§ Description of the task:
The answer is the line containing "Pink Satin Corset Short Prom Dress with Bow" plus every line after it to the end of the material, retyped exactly and without the pictures.

§ Raw data:
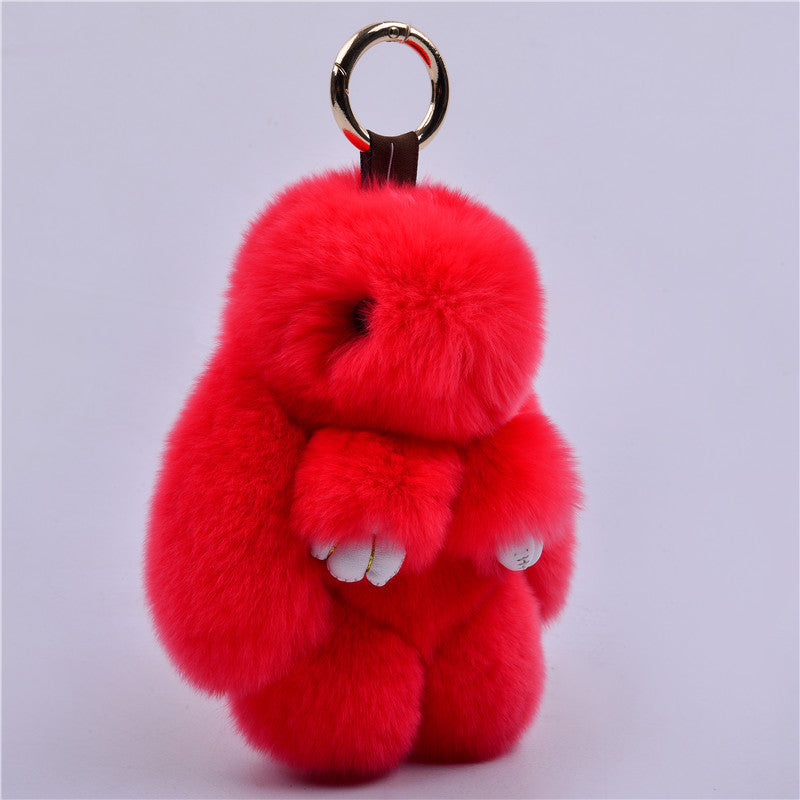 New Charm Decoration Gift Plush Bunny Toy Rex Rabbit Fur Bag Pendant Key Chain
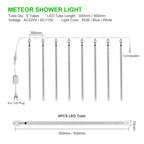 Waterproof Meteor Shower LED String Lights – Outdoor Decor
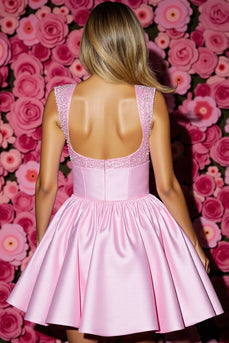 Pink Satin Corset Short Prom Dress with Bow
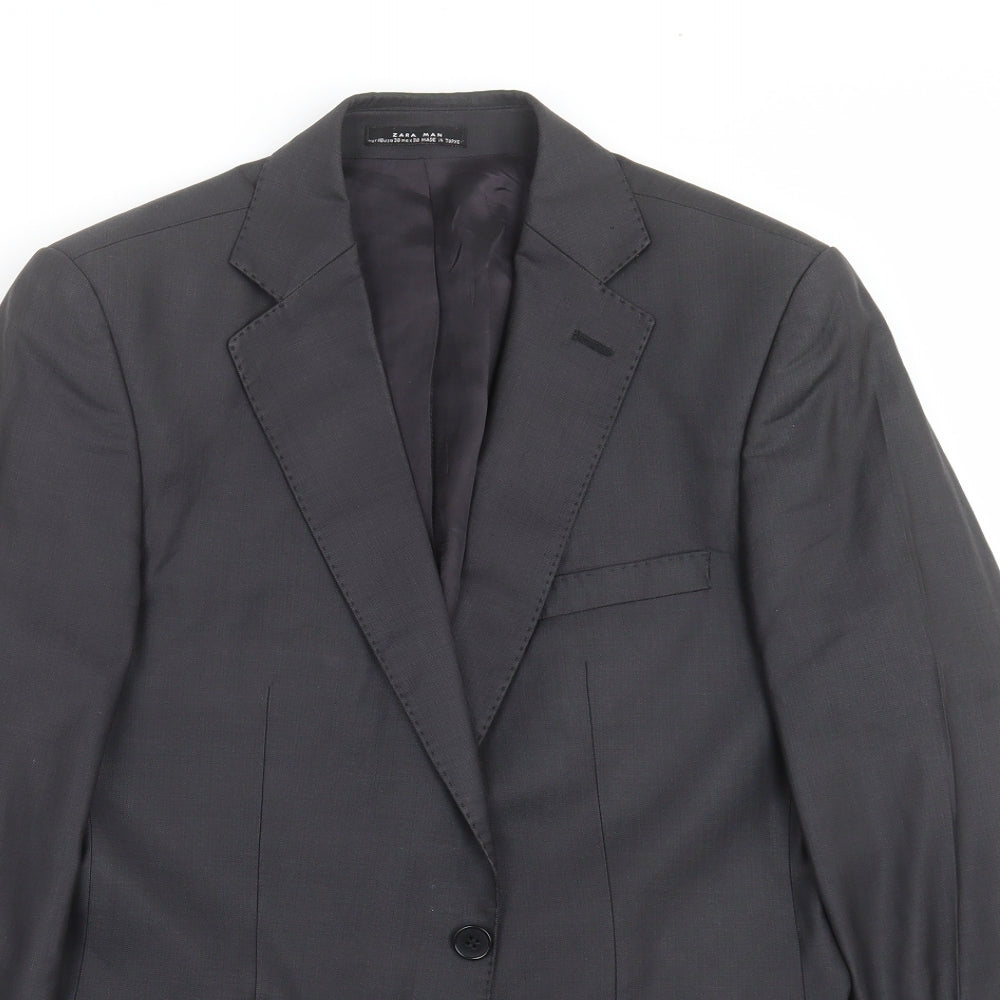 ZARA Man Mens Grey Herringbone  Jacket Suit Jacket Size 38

§ Exercise result:
 Pink Satin Corset Short Prom Dress with Bow
 ZARA Man Mens Grey Herringbone  Jacket Suit Jacket Size 38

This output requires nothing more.